Y no, no lo ha hecho, porque en ningún momento tuvo vocación de hacerlo. Su objetivo era crear una corteza narrativa, un contexto que nos empapara para dejarnos mecer en esta pesadillesca travesía hacia el abismo del mal humano.
A los que pertenecemos a la “tribu de los intensitos”, como bien se han ocupado en recordarme, nos ha encantado el viaje, porque ha jugado magistralmente con elementos de los que nos hacen salivar y paladear hasta el mínimo detalle con voracidad. Nos ha dado el capricho, y lo hemos disfrutado. Y es que, dónde mejor que en el sur de EEUU se va a ubicar esta metáfora de la perpetua lucha entre lo pútrido y lo brillante, lo asfixiante y lo esperanzador. Que sí, que de esto iba la cosa.
La lista de hallazgos que nos ha dejado cada lunes True Detective es abultada: un plano secuencia épico, dos golosinas de personajes, una banda sonora espectacular y personalmente unos monólogos de Cohle que merecen un marco y varias ovaciones. Ya les he dicho que soy de los intensos, pero no vamos a entrar en la competición por dar con el halago más épico, que la serie ya hace y deshace sola.
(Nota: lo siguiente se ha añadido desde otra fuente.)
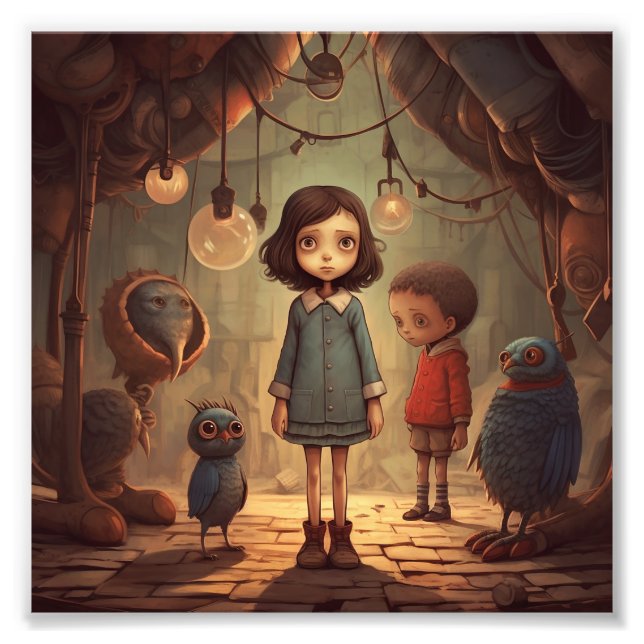 Ein Mädchen in blauem Kleid steht mit Junge Fotodruck (Vorne)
Aún así, el primer visionado del último capítulo me dejó trastocada, con el mismo sabor a ceniza y alumino entre los labios que el protagonista. Si bien no esperábamos grandes giros pirotécnicos, ni requiebros argumentales inesperados; confieso que del acto final emana un optimismo que no esperaba. Por lo menos, en superficie. Y es que sí hubo sorpresa: la supervivencia de Cohle una vez resuelto el crimen. No solo supervivencia, ¡hubo epifanía!. Nuestro nihilista impenitente, el existencialista antirreligioso y desesperanzado tiene, momentos antes de la batalla cuerpo a cuerpo con el asesino, lo que está juzgándose como una revelación divina. En la interpretación de ese cielo abierto, que anticipa la pérdida de su don, está mucho del meollo narrativo de la serie: ¿Está ganando la luz, de verdad? ¿O solo hemos hecho retroceder unas sombras que más pronto que tarde volverán a alfombrarlo todo? Sea como fuere, esto no ha sido una más que una batalla de la guerra en la que los pesimistas tenemos boleto ganador. La siguiente contienda no será en Louisiana, pero si me permiten, en este porche es donde vamos a sentarnos a esperarla.
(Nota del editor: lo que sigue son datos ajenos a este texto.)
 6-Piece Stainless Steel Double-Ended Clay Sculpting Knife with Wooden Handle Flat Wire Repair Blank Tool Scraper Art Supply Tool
¿Obra maestra? Pues no lo sé, pero yo pienso volver a devorar este descarrilamiento hacia Carcosa del tirón, y no es algo que pueda decir de todas las series.
Lo que sí es seguro es que True Detective culmina como un homenaje a ese juego de “El Rey Amarillo” de las historias de Robert W. Chambers, que induce a la desesperación o la locura de quienes la lean. Así que, tampoco tengan muy en cuenta nada de lo que he dicho.